Crawled caption data:

[Start of Attachment]

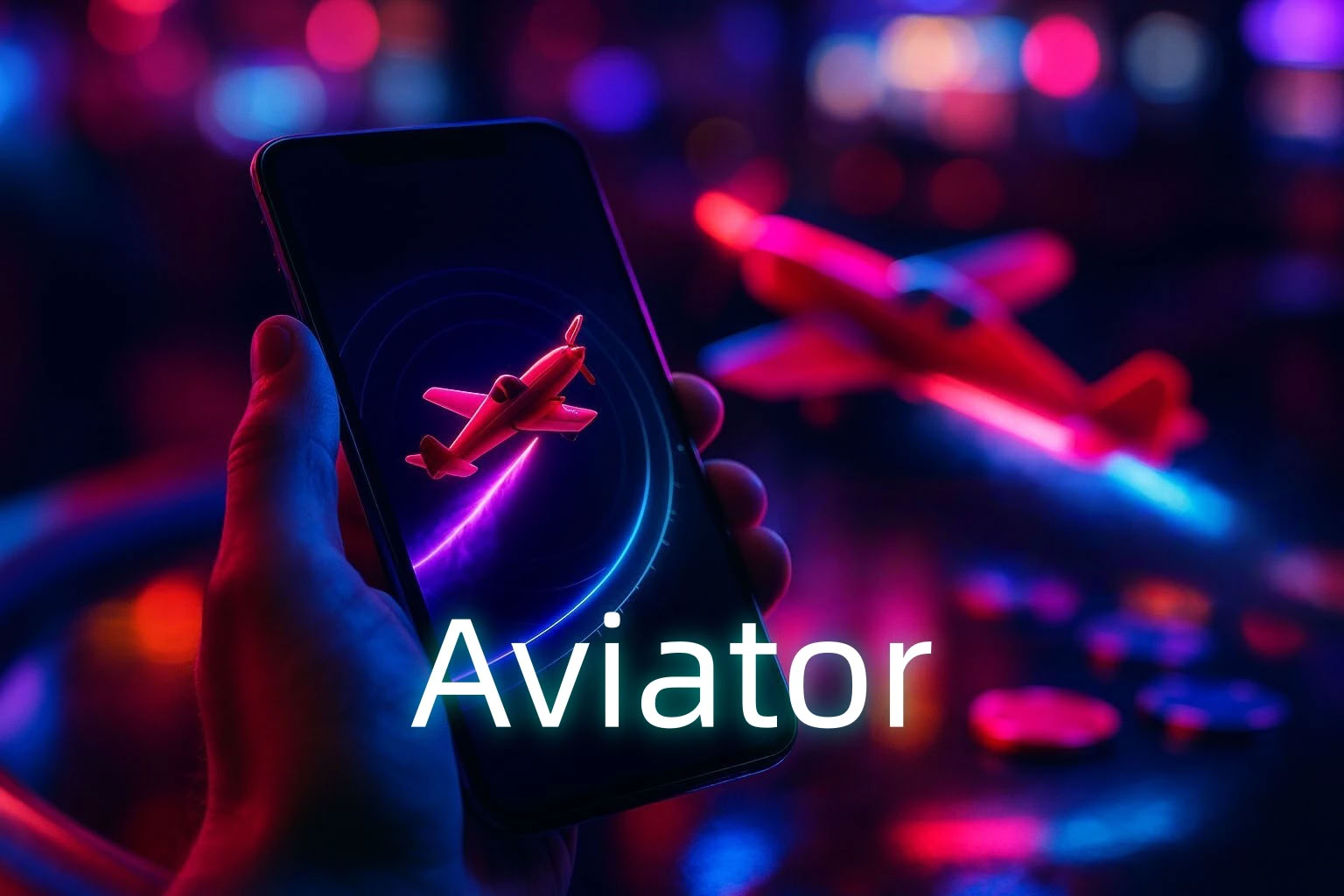coroawin Aviator Festivo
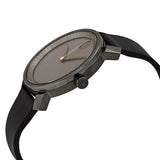 Movado Bold Quartz Grey Dial Men's Watch #3600571 - Watches of America #2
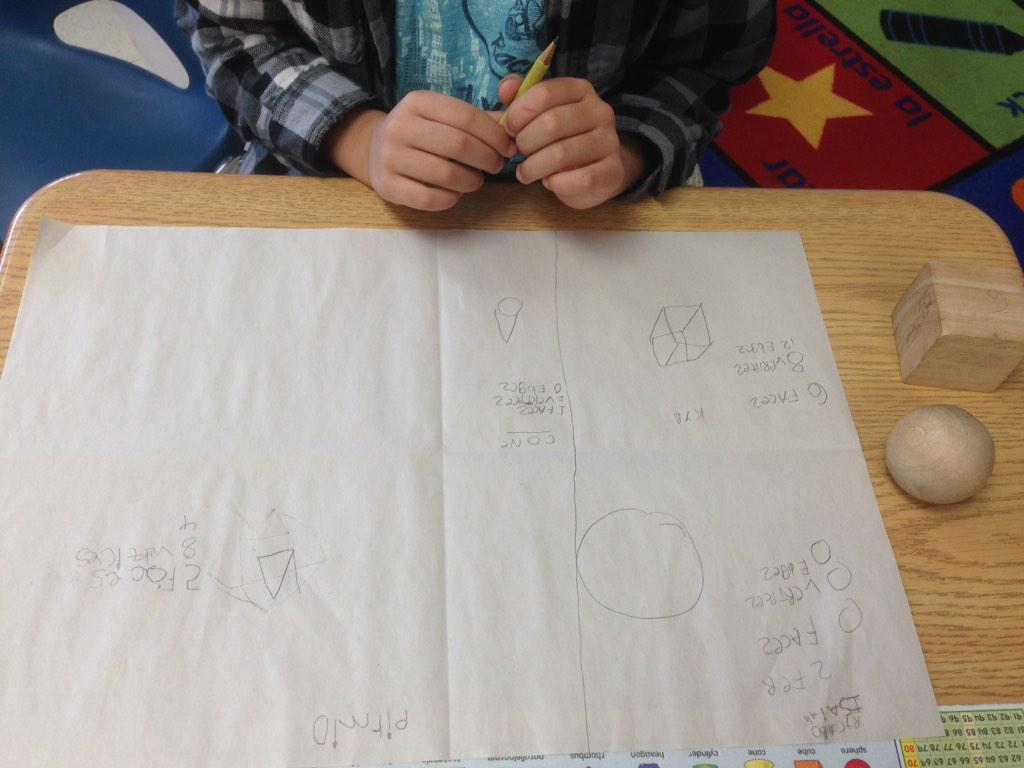 MrBellSJP2's tweet image. Vertices and edges and faces oh my! #3dfigures #geometricalproperties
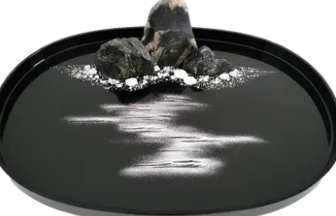 Kumamoto Hosokawa Bonseki Art Class & Suizenji Jojuen Garden Admission Ticket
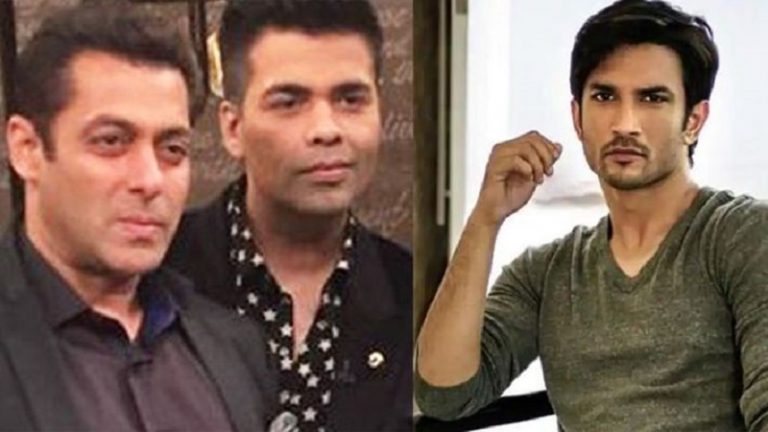 सलमान, करन जौहर, यशराज के बॉयकॉट के लिए ऑनलाइन पिटीशन, 15 लाख से अधिक लोगों ने किया साइन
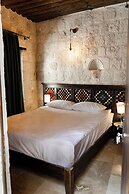 Asra Cave Hotel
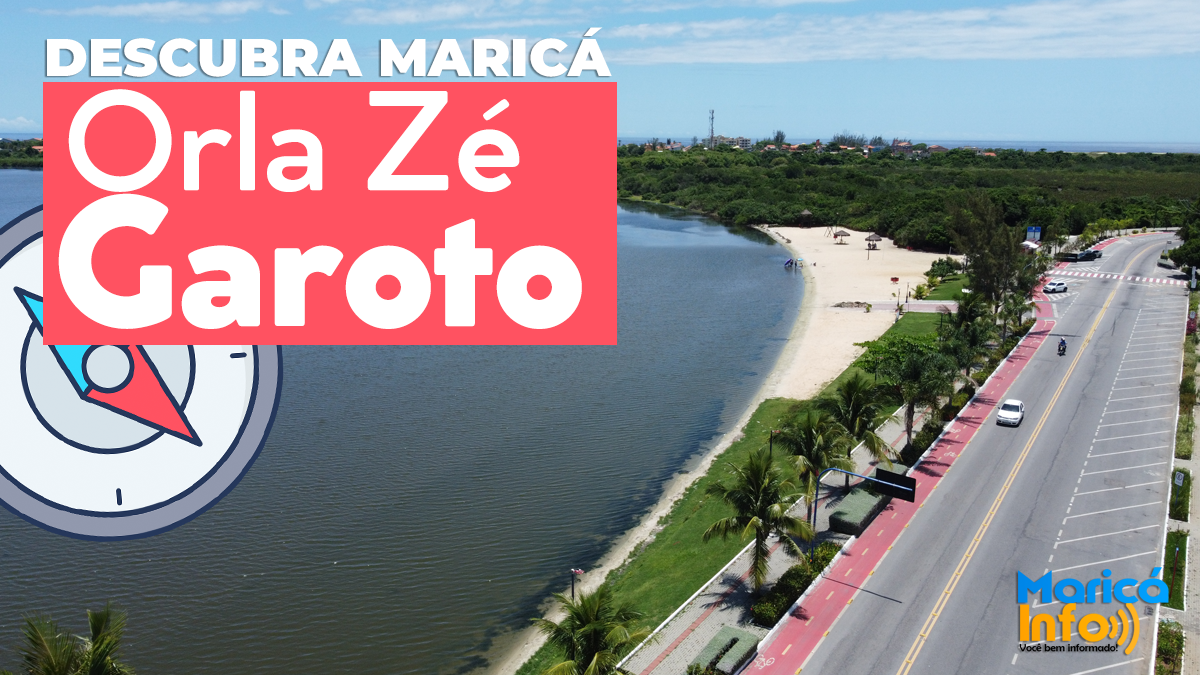 Ze Garoto Thumbnail post Descubra Marica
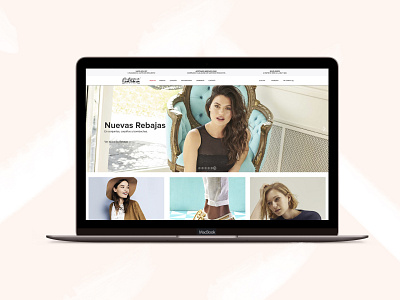 LELC | E-Commerce Website ecommerce minimal uidesign uxdesign uxui web website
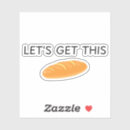 Search for grains stickers Bread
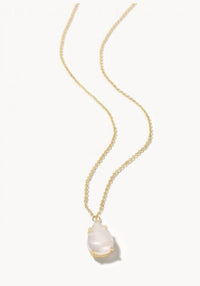 Spartina 449 - Women's Oh Shell Wine Day Necklace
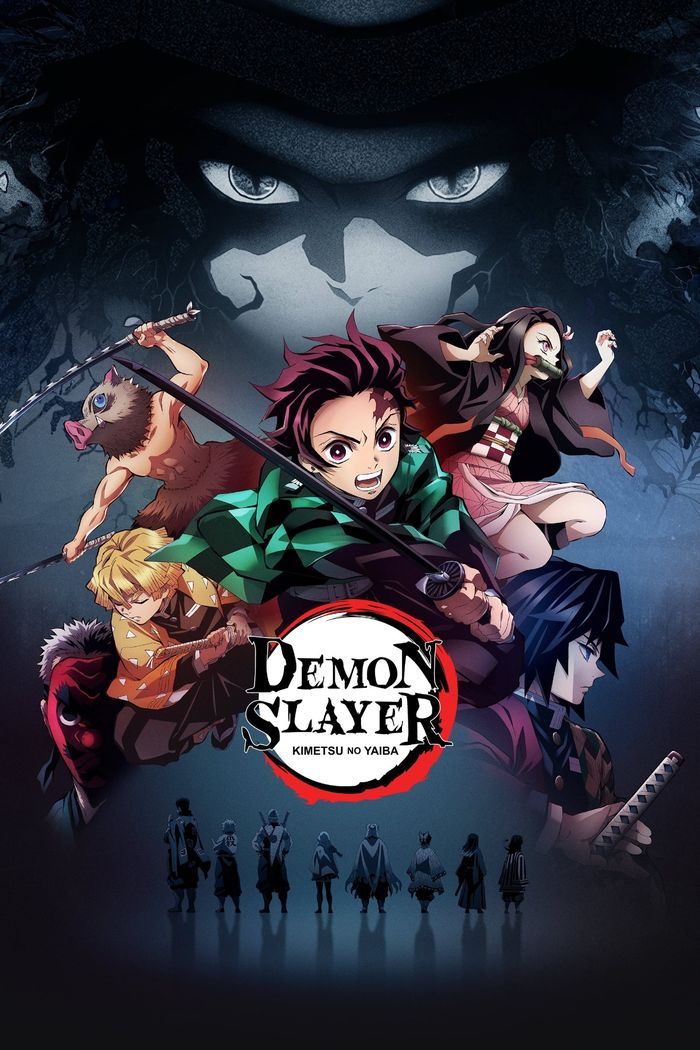 Demon Slayer Demon Slayer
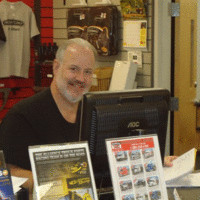 Mike Benson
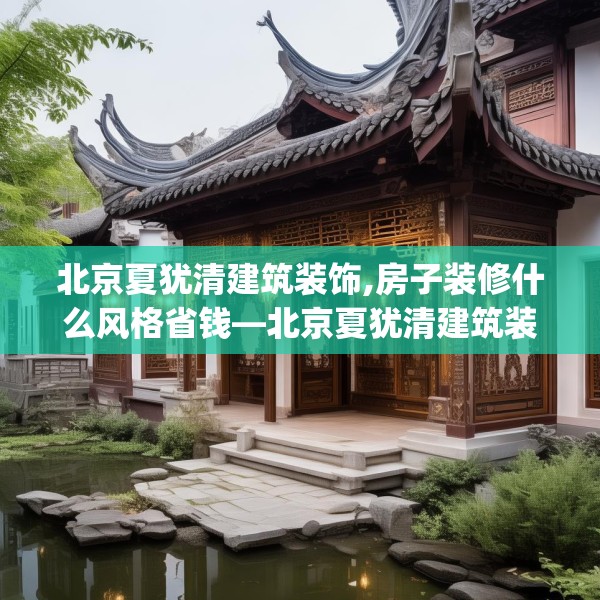 北京夏犹清建筑装饰,房子装修什么风格省钱—北京夏犹清建筑装饰257.a133b134c137fgy.144fds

[End of Attachment]

DIRECTIONS FOR THIS TASK: A verbatim copy of the data, free of pictures, is the expected answer.

RESPONSE TO THIS TASK:
coroawin Aviator Festivo
 Movado Bold Quartz Grey Dial Men's Watch #3600571 - Watches of America #2
 MrBellSJP2's tweet image. Vertices and edges and faces oh my! #3dfigures #geometricalproperties
 Kumamoto Hosokawa Bonseki Art Class & Suizenji Jojuen Garden Admission Ticket
 सलमान, करन जौहर, यशराज के बॉयकॉट के लिए ऑनलाइन पिटीशन, 15 लाख से अधिक लोगों ने किया साइन
 Asra Cave Hotel
 Ze Garoto Thumbnail post Descubra Marica
 LELC | E-Commerce Website ecommerce minimal uidesign uxdesign uxui web website
 Search for grains stickers Bread
 Spartina 449 - Women's Oh Shell Wine Day Necklace
 Demon Slayer Demon Slayer
 Mike Benson
 北京夏犹清建筑装饰,房子装修什么风格省钱—北京夏犹清建筑装饰257.a133b134c137fgy.144fds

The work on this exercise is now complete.